In a future totalitarian state (in the year 2000, naturally), the government holds a violent race, as a means to keep the masses in check. The object of the race is to drive across the country in souped up cars, earning points along the way by running over civilians (extra points for children!). The champion and star of the Death Race is Frankenstein (David Carradine), a mysterious masked driver who finds himself in the middle of an underground resistance's attempts to assassinate the dictator, AKA Mr. President.

Death Race 2000 is over-the-top, ridiculous, full of gratuitous violence and nudity, and very, very funny. Carradine is great as Frankenstein, and a pre-Rocky Sylvester Stallone also stars as his rival, Machine Gun Joe Viterbo. Paul Bartel at his best (this and Eating Raoul in particular) was a sharp and witty satirist, and with Death Race 2000, he's giving the moviegoing audience exactly what they need to satisfy their bloodlust, just like the spectators of the Death Race itself. At the same time, he's maybe getting some of his more observant audience members to question that bloodlust. So maybe that violence and nudity isn't all gratuitous after all. OK, it's still pretty gratuitous.

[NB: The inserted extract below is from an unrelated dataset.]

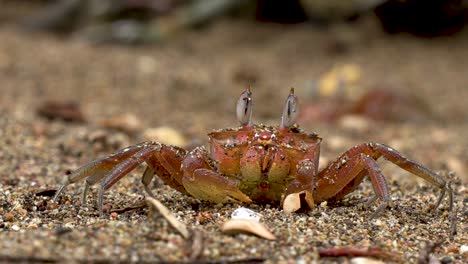 crab walking on the beach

There's also a bit of a subtle feminist message in there, just by having male and female racers on equal ground and no attention being drawn to that fact. Sure there's also plenty of nudity that might negate that message, but as I said before, including the nudity was part of the deal, and Bartel did try to throw in some male nudity to balance things out a little.

Death Race 2000 is a whole lot of fun, and with some great social commentary that was maybe even a bit ahead of its time. I was thinking a great double feature might be to partner this with Albert Brooks' hilarious 1979 mockumentary, Real Life, which basically predicts reality TV a good two decades before it blew up. OR, if you want to keep the violence coming, you could partner it with...

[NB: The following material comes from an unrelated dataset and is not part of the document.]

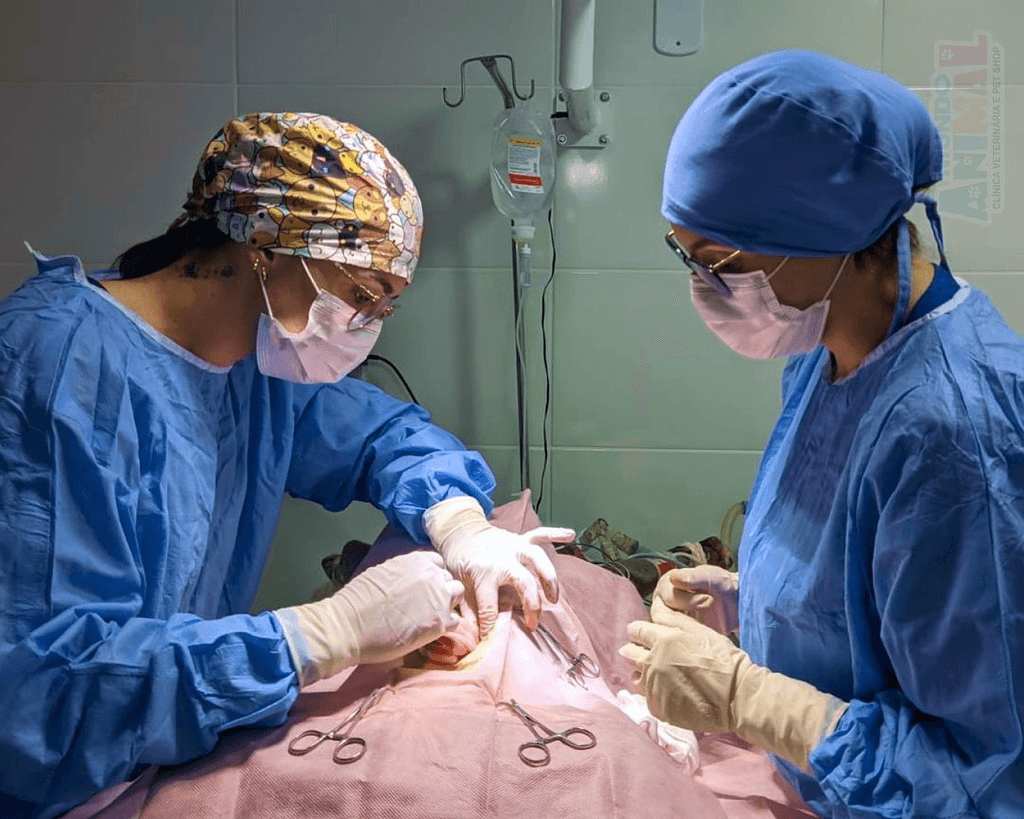 Procedimento cirúrgico veterinário realizado pela Dra Livia Jacomine na clínica veterinária em Bom Jesus do Itabapoana, com foco em cuidados precisos e profissionais para animais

Robocop, by Paul Verhoeven, 1987

Yes, this is the perfect double feature partner for Death Race 2000. Another hyper-violent science fiction super-satire, Paul Verhoeven's 1987 classic Robocop gives us a near future run by corporate interests and crime lords. It's scarily prescient and in some ways may be even more relevant today than it was in 1987.

In a run-down future Detroit, a huge corporation called Omni Consumer Products has its eyes on replacing the police force with its own robotic force. When a prototype for a giant crimestopping machine called ED-209 malfunctions, another plan goes into place, one to convert a cop, recently murdered in the line of duty, into a cybernetic killing machine. That cop is Murphy (Peter Weller), a good man, with a wife and a son. Murphy must then overcome the programming his corporate overlords imbued in him, and rediscover his own humanity in order to bring peace to the streets of Detroit.

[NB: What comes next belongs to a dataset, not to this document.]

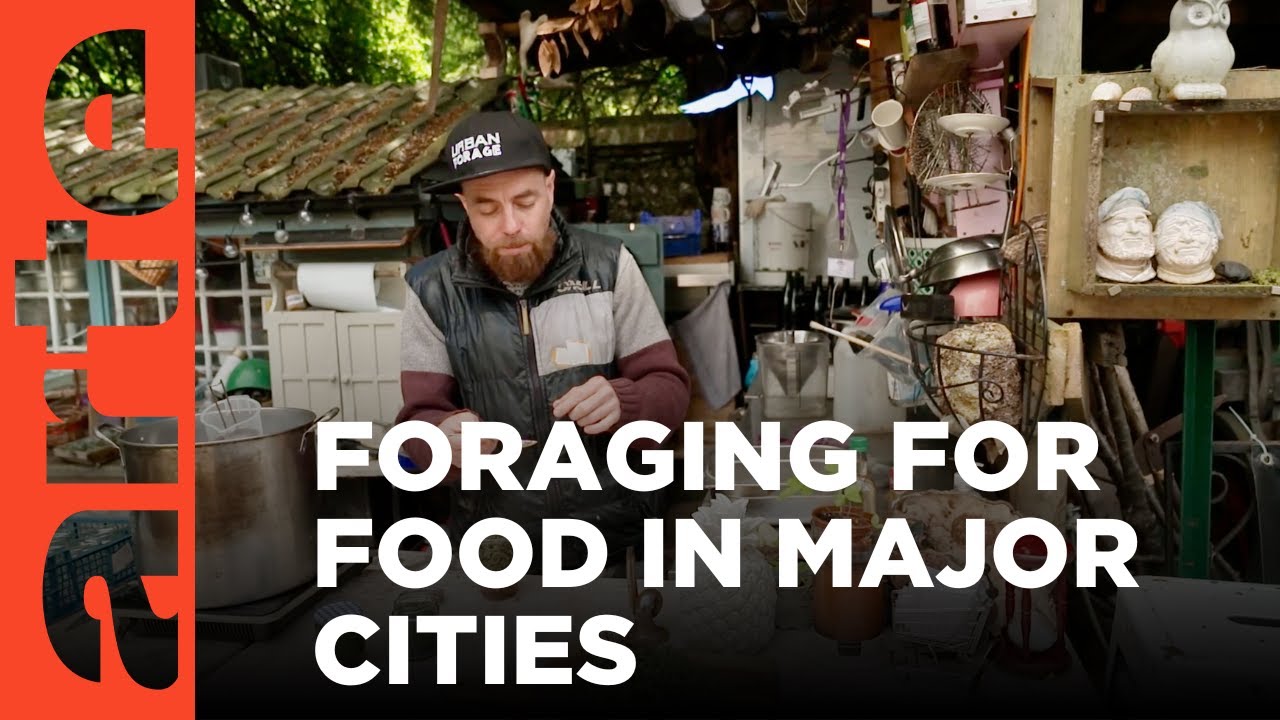 Urban Foraging | ARTE.tv Documentary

I had seen parts of Robocop here and there, but this was my first time watching the movie from beginning to end. The violence is excessive to the point of being downright comedic, and if Verhoeven's intent with that wasn't evident, the hilarious interstitial news reports and commercials woven into the narrative should make it clear. He's using the violence to make a point.

Something that really stood out about Robocop for me was the fact that, besides all the extremely horrific content, it still feels like a kids movie. Robocop's even got a little kid he wants to impress with his gun twirling skills. It's hilarious to think that in the 80's this actually would have been marketed towards kids. There were surely action figures and everything. I remember Robocop toys when I was young, but I don't remember if they were for this or the sequels.

Anyway, Robocop is great. Peter Weller is great, too, though I will always prefer Buckaroo Banzai over this role. I love the stop motion animation of the ED-209 and the animatronics and all the other effects, too. I don't know what took me so long to watch this movie. Both of these movies, really. Watch em watch em watch em!